RJ wanted a removable transom, which was normally stock on Briggs boats, in order that he could drop on a motor for those pesky reservoir crossings. What is more fun than cutting giant holes in boats? Yahoo.
The hinge on one of RJ’s hatch lids had ripped the end-grain plywood to smithereens, so we re-saturated it with epoxy and made it back into a solid substance.
And RJ is screwing the reconstituted hatch lid back onto the boat.
Meanwhile the build-up of the removable transom is hardening, along with a repair on some delaminating side-wall plywood.
Jim is creating a brace to go in the bow hatch, where the two stock horizontal ribs meet the bow post. This was a weak spot in all the Briggs boats and they usually blew out on the first solid wave hit. I know I blew two pair of them out of two different boats in two consecutive trips back in the early eighties, both of them in Waltenburg Rapid at extreme low water. Boom! BOOM!
Jim also put a wonderful finishing touch on the Betty Boop—an Andy-Hutchinson-style decoupage of the classic Lord Culvert ad featuring Betty herself on a 1971 trip.

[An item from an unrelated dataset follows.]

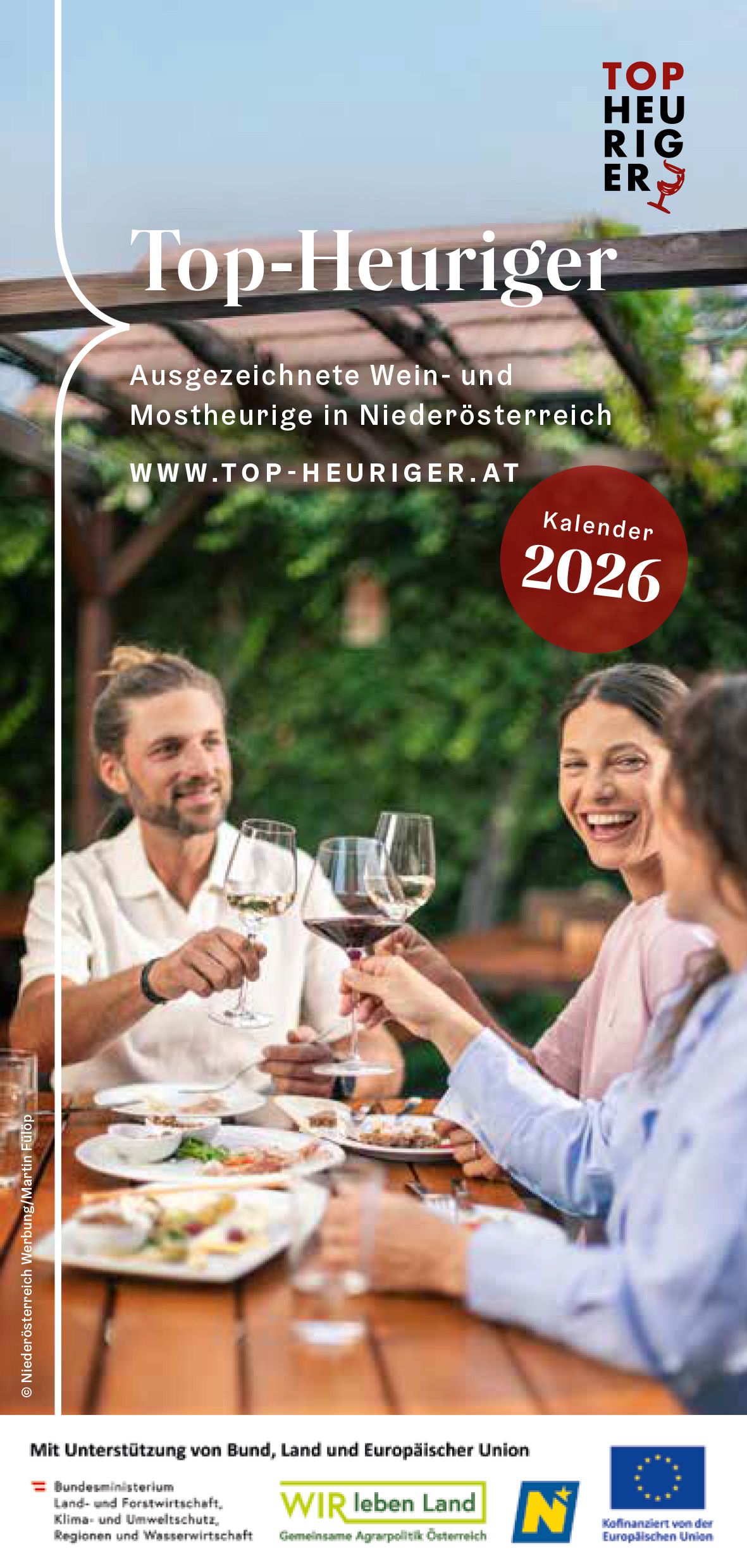 Coverbild: 3 Personen sitzen an einem mit einer kalten Jause gedeckten Heurigentisch und stoßen mit einem Wein an.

This morning the boats bid each other goodbye, Surprise Canyon heading back to Boulder City,
and Betty Boop heading upstairs to offgas paint fumes for a while. Those two boats will see each other again soon, I bet.
It was also the weekend of my final switch to modern epoxy. Out with the last of the WEST System,
and in with a slick new dispenser for Resin Research.
And lest things get boring around the shop, before noon we brought in two more boats in need of a beefed-up bottom: the Lodore and the Euphrates, both born in this shop two years ago, but with not quite a tough enough bottom lay-up. That’s about to change.